# Assignment 2: Predicting sentiment
In this assignment, you will be using the same sentiment analysis dataset as for Assignment 1, but you'll be looking to actually predict sentiment based on a variety of text-derived features.

This dataset comes from [Mass et. al. (2011)](https://www.aclweb.org/anthology/P11-1015.pdf) and the full version is available [here](http://ai.stanford.edu/~amaas/data/sentiment/).

In [1]:
# setup
import sys
import subprocess
import pkg_resources
from collections import Counter
import re
from numpy import log, mean

required = {'spacy', 'scikit-learn', 'pandas', 'transformers==2.4.1'}
installed = {pkg.key for pkg in pkg_resources.working_set}
missing = required - installed

if missing:
    python = sys.executable
    subprocess.check_call([python, '-m', 'pip', 'install', *missing], stdout=subprocess.DEVNULL)

import spacy
import pandas as pd
import numpy as np
import pickle
from sklearn.feature_extraction.text import CountVectorizer, TfidfVectorizer
from sklearn.decomposition import NMF, LatentDirichletAllocation
from sklearn.metrics.pairwise import cosine_similarity
from sklearn.metrics import accuracy_score
from sklearn.svm import LinearSVC

## Read in data
I've saved a subset of the data in the data directory on the repository.  It is available as a pickled dictionary.


In [31]:
# you will need to change this to where ever the file is stored
data_location = '../data/assignment_1_reviews.pkl'
with open(data_location, 'rb') as f:
    all_text = pickle.load(f)
# corpora size
print([(k, len(all_text[k])) for k in all_text])
neg, pos = all_text.values()
# for this assignment, let's combine all our data, but maintain the labels
all_text = neg+pos
# array makes for easier indexing
is_positive = np.array([False]*len(neg)+[True]*len(pos))
# check that they're equivalent
print(np.bincount(is_positive))

[('neg', 1233), ('pos', 1266)]
[1233 1266]


## Creating document feature vectors
In this section, process all of your text data in order to create the following document-level feature vectors:

- Word Counts (using `CountVectorizer`)
- TF-IDF vectors (using `TfidfVectorizer`)
- Non-Negative Matrix Factorization-based representations (using `NMF`)
- Latent Dirichlet Allocation-based representations (using `LatentDirichletAllocation`)

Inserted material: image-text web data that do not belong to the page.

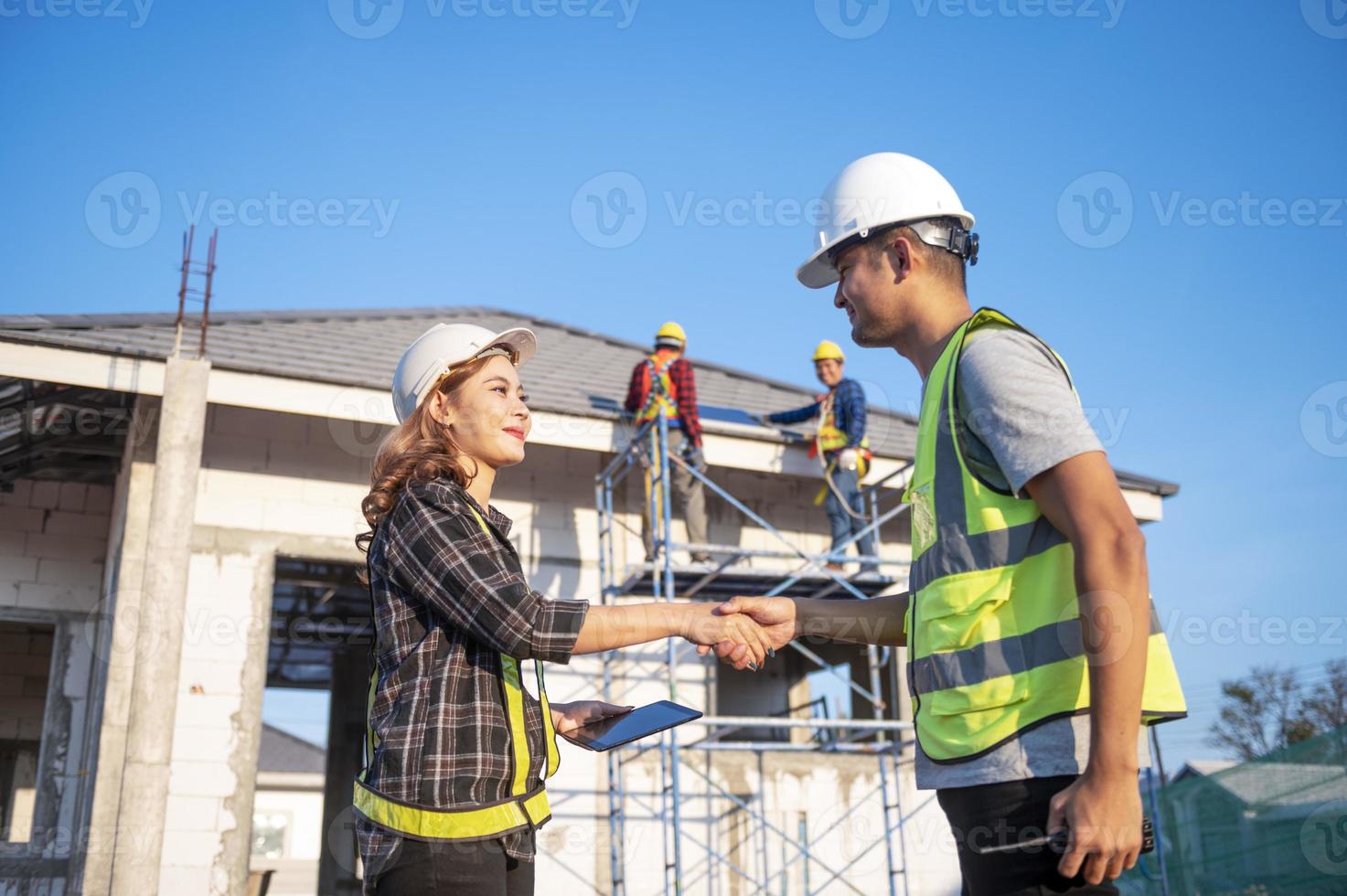 el inspector de construcción y la arquitecta hablan con el ingeniero jefe de asia sobre la instalación de paneles solares en un proyecto de construcción. Visite el sitio de construcción para instalar paneles solares. foto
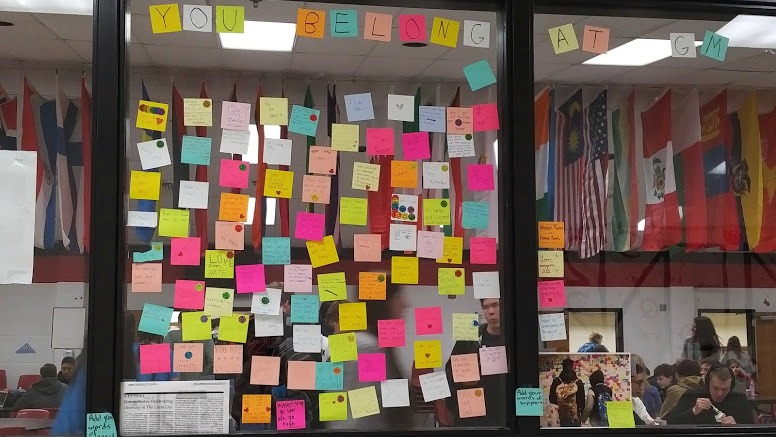 Sticky notes cover a window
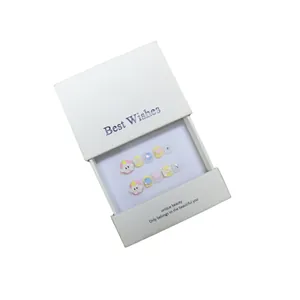 Handmade press-on nails for kids with cute 3D charms and pastel colors in a gift box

All of the design elements are up to you (e.g. tokenization, vocabulary limits, number of components).  It may make sense to try out a few different designs.  In the next section we'll do some evaluation of our different strategies.

In [3]:
from spacy.lang.en import English
en = English()

def simple_tokenizer(doc, model=en):
    # a simple tokenizer for individual documents (different from above)
    tokenized_docs = []
    parsed = model(doc)
    return([t.lower_ for t in parsed if (t.is_alpha)&(not t.like_url)])

def simple_vectorizer(data, vec_model):
    vecs = vec_model.fit_transform(data)
    return(vecs)

In [104]:
# initialize vectorizers
cv = CountVectorizer(tokenizer=simple_tokenizer)
tfidf = TfidfVectorizer(tokenizer=simple_tokenizer)
nmf = NMF(n_components=10)
lda = LatentDirichletAllocation(n_components=10)

In [105]:
# tfidf for nmf
tfidf_counts = tfidf.fit_transform(all_text).toarray()
nmf_vecs = nmf.fit_transform(tfidf_counts)
# count for lda
counts = cv.fit_transform(all_text).toarray()
lda_vecs = lda.fit_transform(counts)

## Exploratory analysis on vectors
It's important to do some initial exploration of the features you've engineered.  Remember the goal is to get some information out of text, so you want to ensure your features are informative.  In this case, informative would mean it gives some information about sentiment.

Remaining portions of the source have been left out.